Compared to my painful and ugly 11 minutes script... uuuhg !


Again, thank you very much for sharing your knowledge, your help/time and staying with me. 👍 😁 I hope we will meet again and maybe/hopefully have a proper conversation on programming/scripting !

Thanks 🙏.

[–] AernaLingus@hexbear.net 1 points 3 months ago* (last edited 3 months ago)

Yeah I know that feeling, I posted and add unnecessary noise to Phil Harvey's forum about something I though was a "bug" or odd behavior with EXIF-tool, while it's was just my lacking reading skills... I felt so dumb :/

Happens to the best of us! As long as you make a genuine effort to find a solution, I think most people will be happy to help regardless.

As for the version of the unique name code you wrote, you got the spirit! The problem is that the try block will only catch the exception the first time around, so if there are two duplicates the uncaught exception will terminate the script. Separately, when working with exceptions it's important to be mindful of which particular exceptions the code in the try block might throw and when. In this case, if the move is to another directory in the same filesystem, shutil.move will match the behavior of os.rename which throws different types of exceptions depending on what goes wrong and what operating system you're on. Importantly, on Windows, it will throw an exception if the file exists, but this will not generally occur on Unix and the file will be overwritten silently.

(actually, I just realized that this may be an issue with pasting in your Python code messing up the indentation--one of the flaws of Python.
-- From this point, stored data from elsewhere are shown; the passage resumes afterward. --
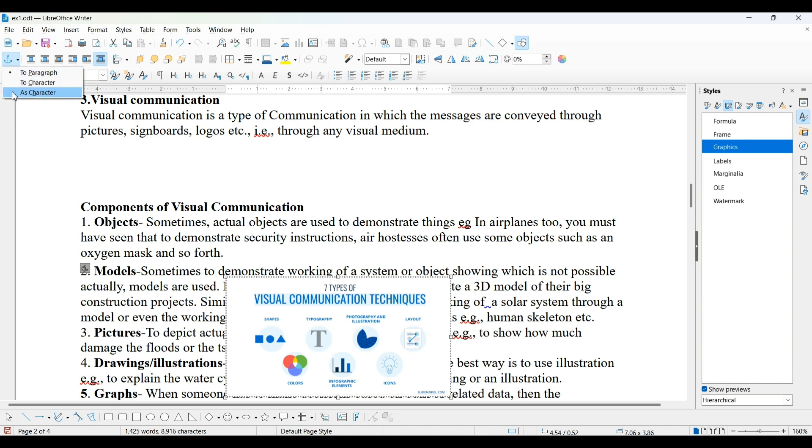you can see three options are given here: paragraph, character and as character. Using this, we set this anchor point.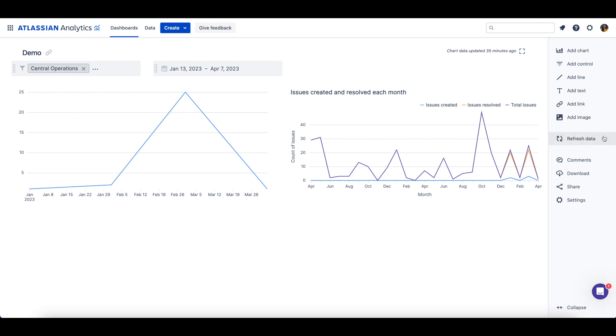Users can refresh the data in all charts on the dashboard. Comments can be added on the dashboard, and users with access to the dashboard can be tagged within the comment. The entire dashboard can be downloaded as a PDF or CSV.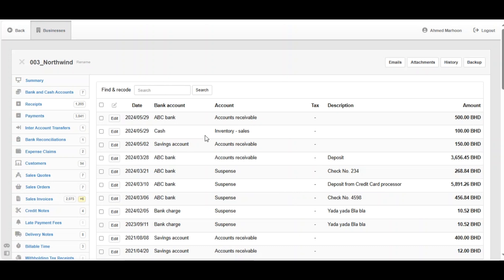Now we've got a list of receipts which are connected to the bank and cash. Each of them are having a category here and it shows the account, the tax, the description, and the amount, also the date.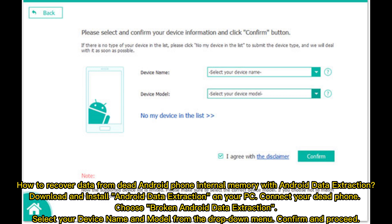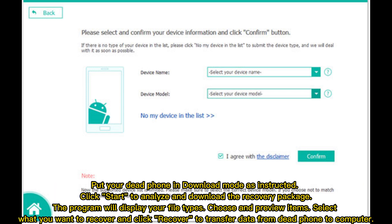How to recover data from a dead Android phone's internal memory: Download and install Android data extraction on your PC. Connect your dead phone. Choose 'Broken Android Data Extraction.' Select your device name and model from the drop-down menu. Confirm and proceed, then put your dead phone in download mode as instructed.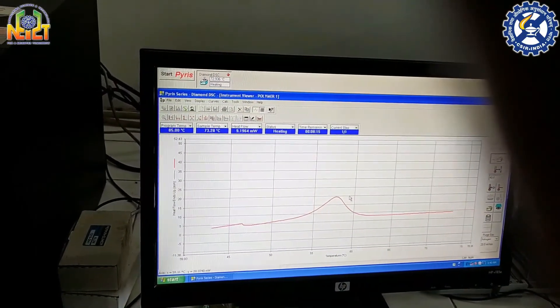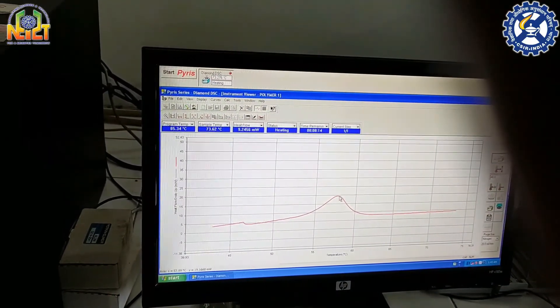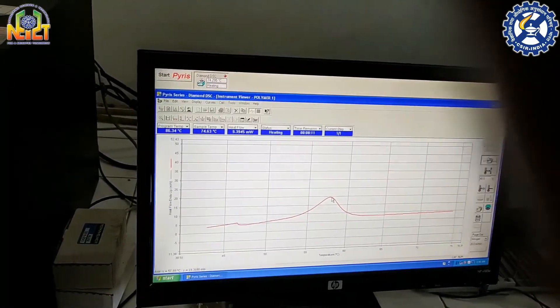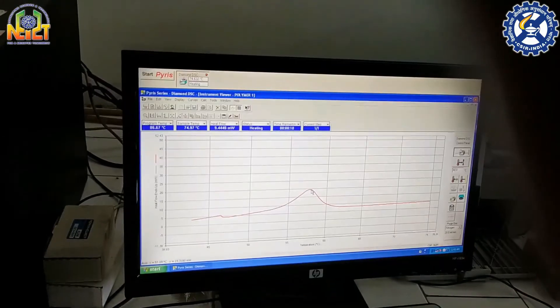This is the crystallization point of our polymer sample.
If this was your actual code, I think it would work:)

        try:
          shutil.move(d['SourceFile'], subdirectory)
        except:
          i = 0
          while os.path.exists(d['SourceFile']):
            i += 1
            base_name, extension = os.path.splitext(d['SourceFile'])
            new_filename = f"{base_name}-{i}{extension}"
          print(new_filename)
          os.rename(d['SourceFile'], new_filename)
          shutil.move(new_filename, subdirectory)

(oh, and I should have mentioned this earlier, but: for Markdown parsers that support it (including Lemmy and GitHub) if you put the name of the language you're writing in after your opening triple ` (e.g. ```python or ```bash) it'll give you syntax highlighting for that language (although not as complete as what you'd see in an actual code editor))

Really cool that you figured out how to do it with exiftool natively--I'll be honest, I probably wouldn't have persevered enough to come up with that had it been me! Very interesting that it ended up being slower than the Python script, which I wouldn't have expected. One thing that comes to mind is that my script more or less separates the reads and writes: first it reads all the metadata, then it moves all the files (there are also reads to check for file existence in the per-file operations, but my understanding is that this happens in compact contiguous areas of the drive and the amount of data read is tiny). If exiftool performs the entire operation for one file at a time, it might end up being slower due to how storage access works.


Happy to have been able to help! Best of luck to you.